A revisão da história desmente-se numa penada. O lugar do PCP no 25 de Abril, antes e depois, está bem documentado. Só faltava que Carlos Brito pretendesse que a direcção do PCP fosse o Estado-Maior da sublevação…
Na senda desta linha de rumo, Carlos Brito irá discorrer num esforço de preciosismo semântico para levar a água ao seu moinho. À cata de contradições formais, Carlos Brito vai fazer a leitura da obra de Álvaro Cunhal, citando (p. 79), o seguinte, a propósito do 25 de Abril: «…todo o mundo falou num golpe militar. O PCP nunca aceitou tal definição. A própria acção revolucionária não foi um “golpe”, mas um “levantamento.”» (Álvaro Cunhal, A Revolução Portuguesa. O Passado e o Futuro, p. 57). Por este modo original visa dar uma bicada póstuma no documento, datado de 26 de Abril de 1974, do Secretariado do Comité Central do PCP sobre o Movimento Militar do 25 de Abril. Diz Carlos Brito: «Não admira que Cunhal, na vertiginosa aceleração da revolução portuguesa, tenha esquecido o que ele próprio escreveu (no documento acima referido), e que foi isto – «O golpe militar culmina o agravamento da crise do regime.» E, um pouco mais à frente: «O golpe militar é ao mesmo tempo a expressão da adesão de parte importante das forças armadas às reclamações democráticas fundamentais do povo português.» (in Carlos Brito, p. 79). Nesta passagem insiste na ideia de que era «uma maneira de (Álvaro Cunhal) meter o (golpe militar) dentro da estratégia definida pelo PCP, nomeadamente no Rumo à Vitória.»

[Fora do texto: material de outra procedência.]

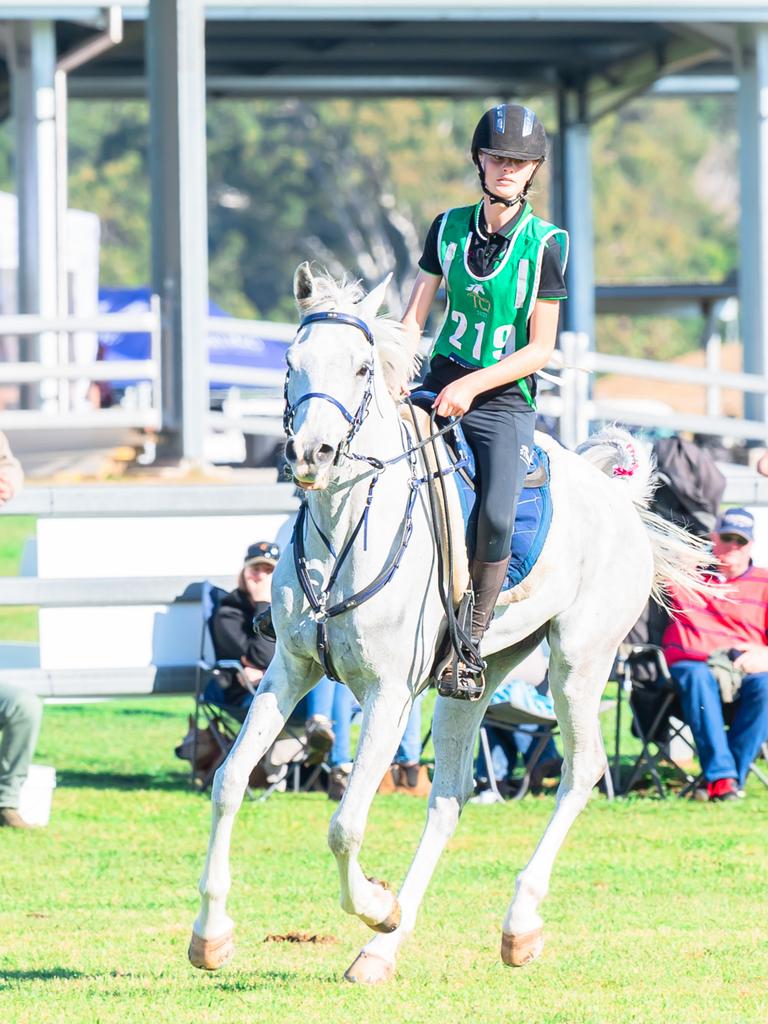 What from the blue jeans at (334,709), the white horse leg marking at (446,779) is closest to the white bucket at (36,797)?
the blue jeans at (334,709)

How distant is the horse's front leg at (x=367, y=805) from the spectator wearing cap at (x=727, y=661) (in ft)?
14.2

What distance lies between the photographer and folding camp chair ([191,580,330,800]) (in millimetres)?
9836

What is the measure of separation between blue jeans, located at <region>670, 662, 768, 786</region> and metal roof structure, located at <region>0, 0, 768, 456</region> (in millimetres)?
4170

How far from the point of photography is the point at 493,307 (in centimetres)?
607

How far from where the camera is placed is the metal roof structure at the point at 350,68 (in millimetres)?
12711

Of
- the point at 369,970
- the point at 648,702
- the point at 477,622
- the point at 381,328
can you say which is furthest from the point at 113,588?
the point at 381,328

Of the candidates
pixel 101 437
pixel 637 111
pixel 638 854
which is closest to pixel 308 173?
pixel 637 111

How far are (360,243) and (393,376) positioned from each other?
57.3m

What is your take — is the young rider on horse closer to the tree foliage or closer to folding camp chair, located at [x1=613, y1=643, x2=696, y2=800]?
folding camp chair, located at [x1=613, y1=643, x2=696, y2=800]

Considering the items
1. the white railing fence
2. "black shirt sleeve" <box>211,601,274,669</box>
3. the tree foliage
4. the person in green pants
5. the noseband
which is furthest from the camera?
the tree foliage

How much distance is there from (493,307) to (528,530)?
837mm

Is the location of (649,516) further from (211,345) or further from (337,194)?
(337,194)

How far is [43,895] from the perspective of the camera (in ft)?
25.0

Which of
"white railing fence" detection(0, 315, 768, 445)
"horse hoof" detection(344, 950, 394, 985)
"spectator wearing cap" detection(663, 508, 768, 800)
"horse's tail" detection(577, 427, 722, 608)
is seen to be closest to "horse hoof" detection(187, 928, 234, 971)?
"horse hoof" detection(344, 950, 394, 985) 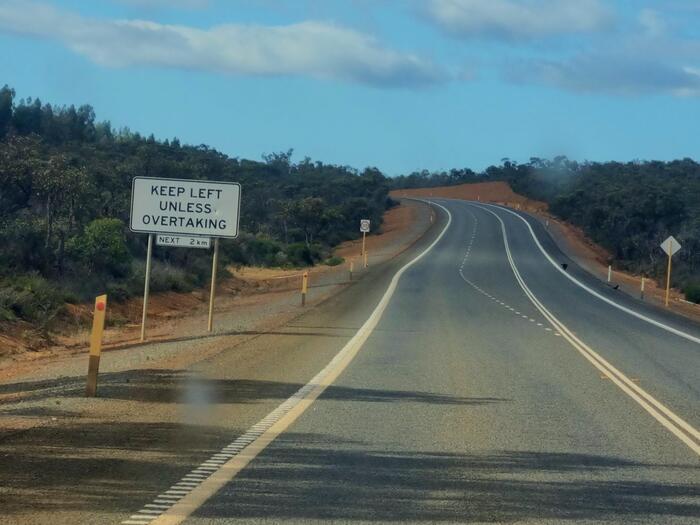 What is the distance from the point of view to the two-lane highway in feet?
24.2

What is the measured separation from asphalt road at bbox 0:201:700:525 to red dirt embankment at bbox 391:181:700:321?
20952mm

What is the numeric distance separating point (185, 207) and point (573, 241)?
70148 mm

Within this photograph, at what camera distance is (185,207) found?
22.8 meters

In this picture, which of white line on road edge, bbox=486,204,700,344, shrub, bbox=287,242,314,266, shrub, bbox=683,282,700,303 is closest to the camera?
white line on road edge, bbox=486,204,700,344

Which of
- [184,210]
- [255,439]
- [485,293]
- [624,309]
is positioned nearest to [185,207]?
[184,210]

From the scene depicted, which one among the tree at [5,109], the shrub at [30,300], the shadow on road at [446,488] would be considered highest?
the tree at [5,109]

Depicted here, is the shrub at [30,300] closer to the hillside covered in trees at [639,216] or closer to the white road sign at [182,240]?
the white road sign at [182,240]

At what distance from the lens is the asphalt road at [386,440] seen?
7.34 metres

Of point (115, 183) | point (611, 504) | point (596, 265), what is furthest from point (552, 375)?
point (596, 265)

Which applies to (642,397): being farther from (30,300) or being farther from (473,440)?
(30,300)

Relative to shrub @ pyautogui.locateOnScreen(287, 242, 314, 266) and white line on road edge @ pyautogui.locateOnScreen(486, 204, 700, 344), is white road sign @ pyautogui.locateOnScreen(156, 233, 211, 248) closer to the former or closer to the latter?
white line on road edge @ pyautogui.locateOnScreen(486, 204, 700, 344)

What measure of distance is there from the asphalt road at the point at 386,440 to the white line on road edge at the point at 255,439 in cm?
3

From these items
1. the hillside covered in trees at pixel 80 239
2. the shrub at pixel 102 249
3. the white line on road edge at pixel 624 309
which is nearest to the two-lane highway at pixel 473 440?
the white line on road edge at pixel 624 309

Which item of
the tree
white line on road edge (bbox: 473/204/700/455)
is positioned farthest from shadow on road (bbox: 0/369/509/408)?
the tree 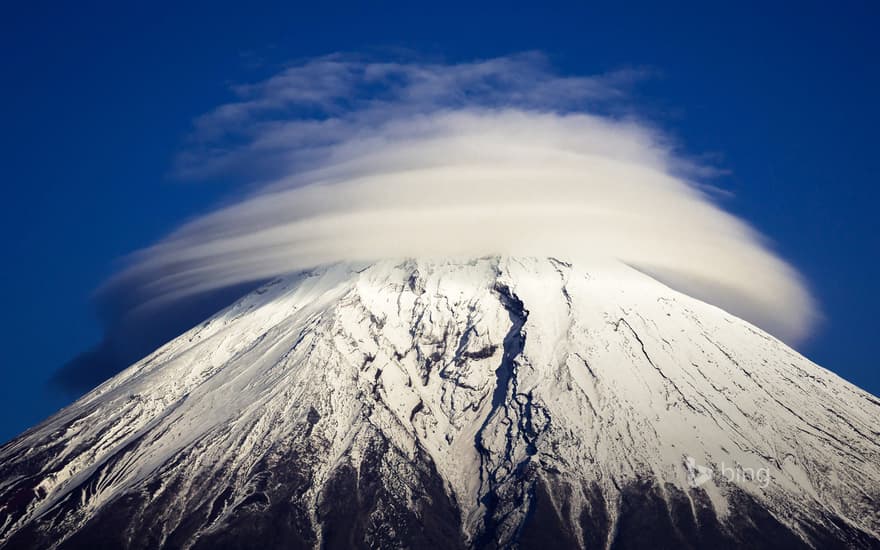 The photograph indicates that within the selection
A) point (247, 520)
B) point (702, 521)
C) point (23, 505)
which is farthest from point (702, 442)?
point (23, 505)

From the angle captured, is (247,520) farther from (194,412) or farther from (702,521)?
(702,521)

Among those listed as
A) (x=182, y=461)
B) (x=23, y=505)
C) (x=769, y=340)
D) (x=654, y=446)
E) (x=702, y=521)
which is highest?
(x=769, y=340)

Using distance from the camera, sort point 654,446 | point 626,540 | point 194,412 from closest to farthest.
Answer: point 626,540 → point 654,446 → point 194,412

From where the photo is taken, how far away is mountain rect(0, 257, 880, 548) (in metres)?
121

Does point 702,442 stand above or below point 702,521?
above

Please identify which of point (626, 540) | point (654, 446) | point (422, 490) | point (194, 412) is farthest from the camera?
point (194, 412)

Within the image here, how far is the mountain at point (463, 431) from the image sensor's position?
121250mm

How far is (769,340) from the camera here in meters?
171

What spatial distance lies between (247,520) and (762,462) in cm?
6712

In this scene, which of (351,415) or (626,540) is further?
(351,415)

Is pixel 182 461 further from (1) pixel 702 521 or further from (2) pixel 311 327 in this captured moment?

Pelo que aqui se vê, a divergência calada de Carlos Brito em relação à direcção do PCP e em relação ao papel de Álvaro Cunhal vem de longa data, embora, ao que se sabe, tenha levado um longo tempo a eclodir como dissidência.
Para remate desta parte convém lembrar a obra de Álvaro Cunhal, A Verdade e a Mentira na Revolução de Abril (Edições «Avante!», 1999), precisamente sobre «O dia 25 de Abril»: «A nosso ver, a acção militar do dia 25 de Abril começou por ser um golpe militar, mas no desenrolar dos acontecimentos o golpe foi ultrapassado no próprio dia. (…) «O golpe militar dos capitães do MFA no dia 25 foi determinante, mas não foi, nesse dia, o único acontecimento revolucionário importante. Dois outros acontecimentos lhe sucederam: um levantamento militar, no qual, em várias unidades, eclodiram iniciativas próprias imediatas com desenvolvimentos autónomos, de oficiais, sargentos, soldados e marinheiros; e quase simultaneamente, um levantamento popular, com vastíssima mobilização e intervenção das massas populares. O levantamento militar e o levantamento popular imprimiram aos acontecimentos um processo próprio e uma nova e revolucionária dinâmica.» (p. 102)
O pensamento dialéctico não se prende a uma fôrma, desenvolve-se de modo criativo, serve-se dos termos não para um preciosismo de opinião, mas para melhor desenvolver os conceitos necessários para explicar e apreender de modo concreto as verdades da vida, neste caso, do início auspicioso da Revolução de 25 de Abril. O formalismo abstracto, ao serviço de uma argumentação sofistica, aferra-se às palavras sem aprofundar o conhecimento do real no seu processo contraditório.
O processo revolucionário e a original tese dos «sete fôlegos»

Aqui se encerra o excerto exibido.